>>>>>

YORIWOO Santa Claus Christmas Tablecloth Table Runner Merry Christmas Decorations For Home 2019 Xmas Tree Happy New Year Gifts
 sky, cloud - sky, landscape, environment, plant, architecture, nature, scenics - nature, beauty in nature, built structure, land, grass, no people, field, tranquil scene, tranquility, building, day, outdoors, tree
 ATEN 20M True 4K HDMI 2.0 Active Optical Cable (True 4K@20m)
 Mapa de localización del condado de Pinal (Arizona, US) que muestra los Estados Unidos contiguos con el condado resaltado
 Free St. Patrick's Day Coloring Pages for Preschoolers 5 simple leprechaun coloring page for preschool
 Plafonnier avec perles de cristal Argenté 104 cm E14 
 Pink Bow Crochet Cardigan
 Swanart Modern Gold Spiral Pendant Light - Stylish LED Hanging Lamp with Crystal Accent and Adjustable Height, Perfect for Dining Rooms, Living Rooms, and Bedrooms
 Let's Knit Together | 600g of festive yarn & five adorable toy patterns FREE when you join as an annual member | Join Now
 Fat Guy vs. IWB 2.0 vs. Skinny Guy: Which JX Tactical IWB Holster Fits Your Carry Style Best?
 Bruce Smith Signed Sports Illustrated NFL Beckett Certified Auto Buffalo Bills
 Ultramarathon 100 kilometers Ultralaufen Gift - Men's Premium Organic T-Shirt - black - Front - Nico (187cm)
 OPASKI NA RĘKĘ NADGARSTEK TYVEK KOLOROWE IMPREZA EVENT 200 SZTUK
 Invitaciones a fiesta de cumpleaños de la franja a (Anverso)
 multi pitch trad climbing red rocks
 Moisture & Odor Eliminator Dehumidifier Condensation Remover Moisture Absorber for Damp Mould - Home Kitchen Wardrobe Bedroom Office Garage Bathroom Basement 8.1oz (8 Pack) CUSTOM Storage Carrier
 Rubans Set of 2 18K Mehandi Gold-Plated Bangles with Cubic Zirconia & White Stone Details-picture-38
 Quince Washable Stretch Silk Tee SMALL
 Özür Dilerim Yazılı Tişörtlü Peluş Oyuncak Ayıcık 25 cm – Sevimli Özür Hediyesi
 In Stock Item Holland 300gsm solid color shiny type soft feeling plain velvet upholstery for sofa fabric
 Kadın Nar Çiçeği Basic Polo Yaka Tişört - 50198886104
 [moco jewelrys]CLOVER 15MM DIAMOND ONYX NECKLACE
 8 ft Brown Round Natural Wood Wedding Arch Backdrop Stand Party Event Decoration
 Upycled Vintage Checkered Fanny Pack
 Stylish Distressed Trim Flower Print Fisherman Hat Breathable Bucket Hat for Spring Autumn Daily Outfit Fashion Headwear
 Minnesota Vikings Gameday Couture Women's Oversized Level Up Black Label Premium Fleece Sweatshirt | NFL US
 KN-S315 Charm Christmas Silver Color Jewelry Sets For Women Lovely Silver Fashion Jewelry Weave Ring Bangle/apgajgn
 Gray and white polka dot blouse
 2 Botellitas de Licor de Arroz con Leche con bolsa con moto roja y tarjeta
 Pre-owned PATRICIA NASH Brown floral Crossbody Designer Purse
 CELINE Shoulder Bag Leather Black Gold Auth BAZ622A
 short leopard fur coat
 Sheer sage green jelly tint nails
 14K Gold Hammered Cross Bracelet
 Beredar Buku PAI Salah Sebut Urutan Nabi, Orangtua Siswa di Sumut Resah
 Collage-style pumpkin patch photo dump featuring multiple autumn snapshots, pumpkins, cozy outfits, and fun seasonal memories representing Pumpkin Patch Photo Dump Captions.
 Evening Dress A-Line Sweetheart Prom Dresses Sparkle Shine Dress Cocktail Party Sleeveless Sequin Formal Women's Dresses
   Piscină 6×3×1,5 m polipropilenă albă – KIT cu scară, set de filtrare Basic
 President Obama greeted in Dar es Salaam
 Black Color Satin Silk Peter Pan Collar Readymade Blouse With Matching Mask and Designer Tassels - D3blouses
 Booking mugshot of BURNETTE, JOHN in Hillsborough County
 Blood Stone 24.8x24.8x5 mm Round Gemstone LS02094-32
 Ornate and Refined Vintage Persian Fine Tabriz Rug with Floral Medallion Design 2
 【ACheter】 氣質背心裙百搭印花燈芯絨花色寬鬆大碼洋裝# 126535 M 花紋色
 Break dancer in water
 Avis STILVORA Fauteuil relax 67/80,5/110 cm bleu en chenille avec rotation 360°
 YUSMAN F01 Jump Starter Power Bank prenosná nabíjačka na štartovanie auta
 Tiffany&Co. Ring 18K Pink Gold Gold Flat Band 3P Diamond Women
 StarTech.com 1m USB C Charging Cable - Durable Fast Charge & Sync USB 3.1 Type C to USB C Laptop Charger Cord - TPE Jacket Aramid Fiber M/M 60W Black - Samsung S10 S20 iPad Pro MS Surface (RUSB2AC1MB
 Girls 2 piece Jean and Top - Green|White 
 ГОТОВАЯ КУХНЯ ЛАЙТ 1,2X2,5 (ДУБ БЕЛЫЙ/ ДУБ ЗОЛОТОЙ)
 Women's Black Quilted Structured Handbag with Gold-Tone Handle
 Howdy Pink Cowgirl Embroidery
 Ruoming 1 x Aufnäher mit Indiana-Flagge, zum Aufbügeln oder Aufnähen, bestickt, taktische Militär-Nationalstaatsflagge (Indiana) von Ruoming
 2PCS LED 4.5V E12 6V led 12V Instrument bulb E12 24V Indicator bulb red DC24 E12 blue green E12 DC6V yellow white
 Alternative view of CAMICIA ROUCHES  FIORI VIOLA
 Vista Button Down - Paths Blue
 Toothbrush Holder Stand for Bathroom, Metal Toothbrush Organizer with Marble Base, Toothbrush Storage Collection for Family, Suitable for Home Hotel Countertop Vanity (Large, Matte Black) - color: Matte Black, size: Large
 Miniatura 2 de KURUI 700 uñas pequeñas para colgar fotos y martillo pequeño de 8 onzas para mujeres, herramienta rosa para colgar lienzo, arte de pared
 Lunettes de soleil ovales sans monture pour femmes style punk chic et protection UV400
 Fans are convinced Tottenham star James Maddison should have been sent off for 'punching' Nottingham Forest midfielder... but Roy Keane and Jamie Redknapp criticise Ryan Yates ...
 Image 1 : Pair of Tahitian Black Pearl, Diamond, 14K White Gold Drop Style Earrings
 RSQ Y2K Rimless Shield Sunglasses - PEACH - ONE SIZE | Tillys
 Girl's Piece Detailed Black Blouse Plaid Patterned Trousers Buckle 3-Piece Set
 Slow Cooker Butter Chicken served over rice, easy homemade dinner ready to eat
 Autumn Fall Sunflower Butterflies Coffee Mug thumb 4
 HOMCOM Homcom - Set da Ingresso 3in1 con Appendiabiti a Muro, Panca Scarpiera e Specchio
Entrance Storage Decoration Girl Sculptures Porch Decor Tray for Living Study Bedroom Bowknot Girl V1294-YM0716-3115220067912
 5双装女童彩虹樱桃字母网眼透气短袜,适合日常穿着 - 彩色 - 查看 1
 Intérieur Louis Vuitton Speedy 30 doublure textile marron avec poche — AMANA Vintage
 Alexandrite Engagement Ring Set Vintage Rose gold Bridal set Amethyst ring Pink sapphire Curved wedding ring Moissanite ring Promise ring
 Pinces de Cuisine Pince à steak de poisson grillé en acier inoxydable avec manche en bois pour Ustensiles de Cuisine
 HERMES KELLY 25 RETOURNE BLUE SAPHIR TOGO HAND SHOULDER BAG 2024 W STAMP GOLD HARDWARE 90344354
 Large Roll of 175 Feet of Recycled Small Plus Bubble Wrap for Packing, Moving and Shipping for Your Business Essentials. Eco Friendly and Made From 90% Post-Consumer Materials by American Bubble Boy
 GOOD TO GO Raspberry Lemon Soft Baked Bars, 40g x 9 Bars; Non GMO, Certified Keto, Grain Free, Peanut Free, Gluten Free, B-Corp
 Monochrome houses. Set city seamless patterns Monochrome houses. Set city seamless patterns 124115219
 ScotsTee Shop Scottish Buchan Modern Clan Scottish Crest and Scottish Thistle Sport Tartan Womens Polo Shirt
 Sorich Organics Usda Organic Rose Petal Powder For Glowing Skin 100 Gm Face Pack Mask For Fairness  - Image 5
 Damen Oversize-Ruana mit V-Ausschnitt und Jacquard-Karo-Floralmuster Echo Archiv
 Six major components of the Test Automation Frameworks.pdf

<<<<<

_WHAT TO PRODUCE_
Take the lines above from the one containing "Quince Washable Stretch Silk Tee SMALL" to the one containing "Upycled Vintage Checkered Fanny Pack" and retype them exactly, both ends included, with nothing added.

_ANSWER SECTION_
 Quince Washable Stretch Silk Tee SMALL
 Özür Dilerim Yazılı Tişörtlü Peluş Oyuncak Ayıcık 25 cm – Sevimli Özür Hediyesi
 In Stock Item Holland 300gsm solid color shiny type soft feeling plain velvet upholstery for sofa fabric
 Kadın Nar Çiçeği Basic Polo Yaka Tişört - 50198886104
 [moco jewelrys]CLOVER 15MM DIAMOND ONYX NECKLACE
 8 ft Brown Round Natural Wood Wedding Arch Backdrop Stand Party Event Decoration
 Upycled Vintage Checkered Fanny Pack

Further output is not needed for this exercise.